### TASK INSTRUCTIONS
Every line of the listing must be reproduced as it stands. Leave the images behind.

### RECORDED DATA

------------------------------

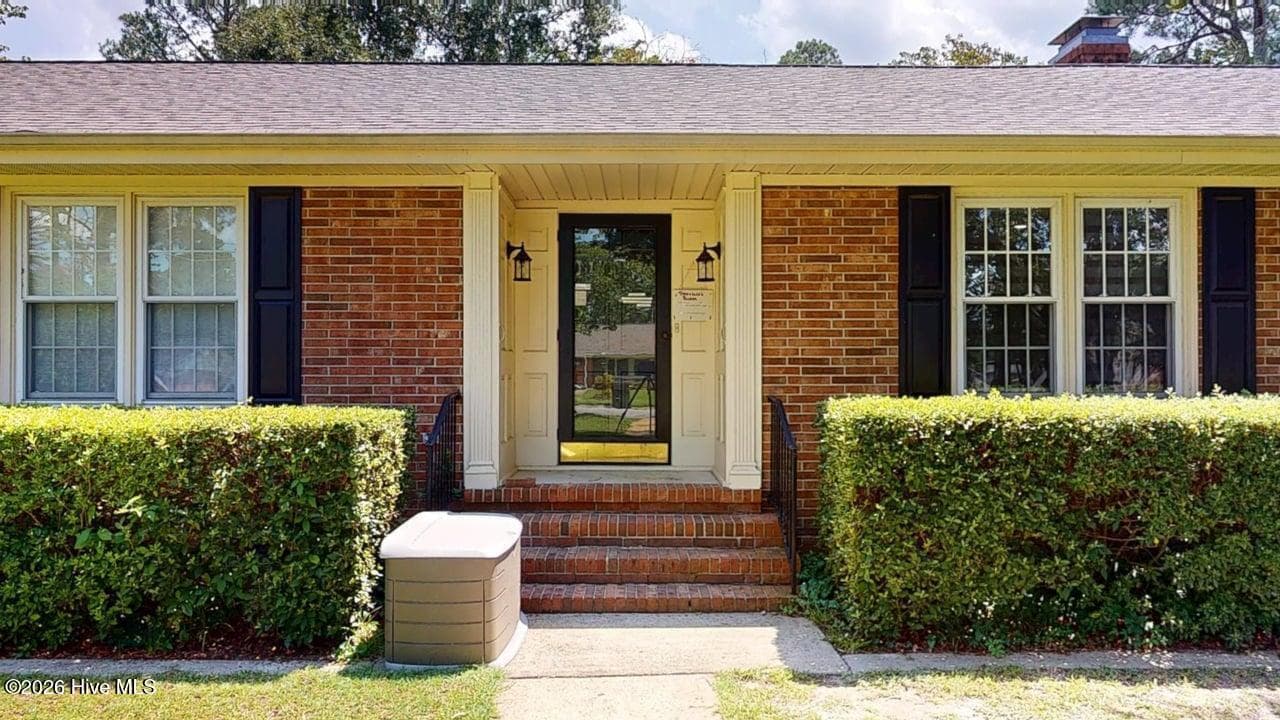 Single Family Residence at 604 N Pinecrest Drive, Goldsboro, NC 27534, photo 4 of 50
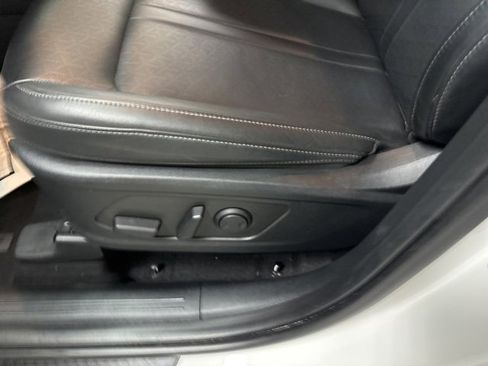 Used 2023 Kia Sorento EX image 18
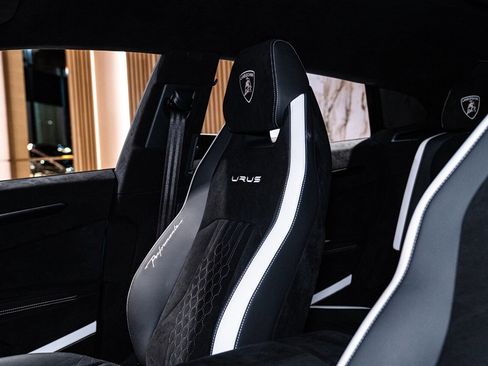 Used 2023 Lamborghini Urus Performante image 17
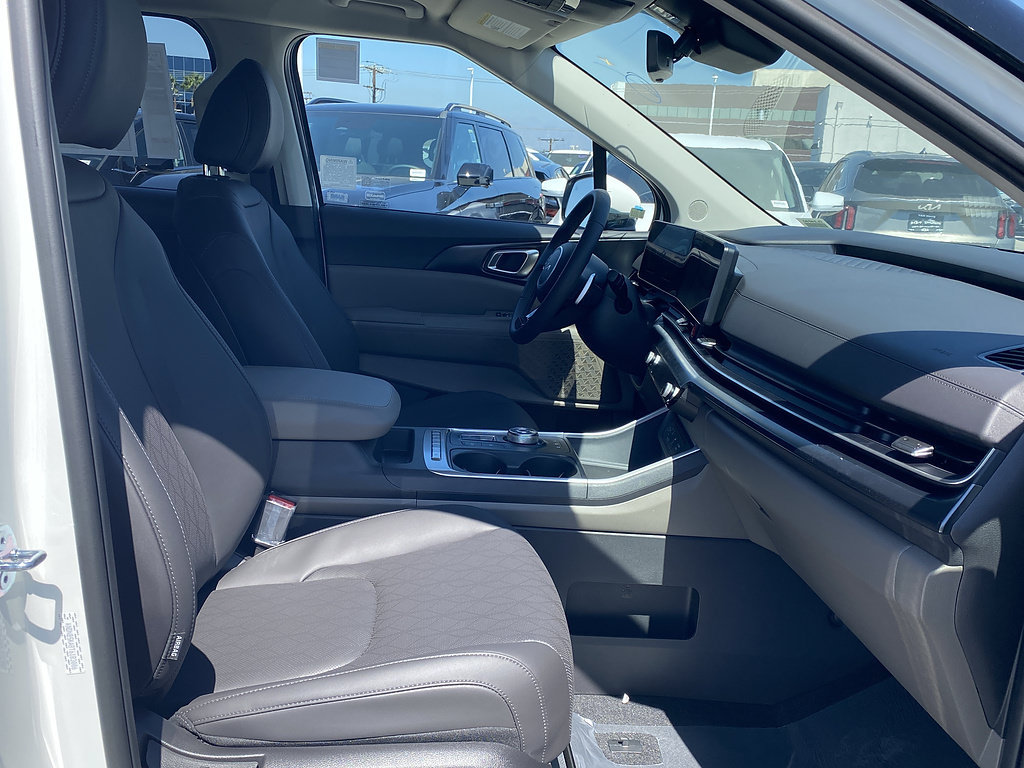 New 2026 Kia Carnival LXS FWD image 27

------------------------------

### ANSWER AREA
 Single Family Residence at 604 N Pinecrest Drive, Goldsboro, NC 27534, photo 4 of 50
 Used 2023 Kia Sorento EX image 18
 Used 2023 Lamborghini Urus Performante image 17
 New 2026 Kia Carnival LXS FWD image 27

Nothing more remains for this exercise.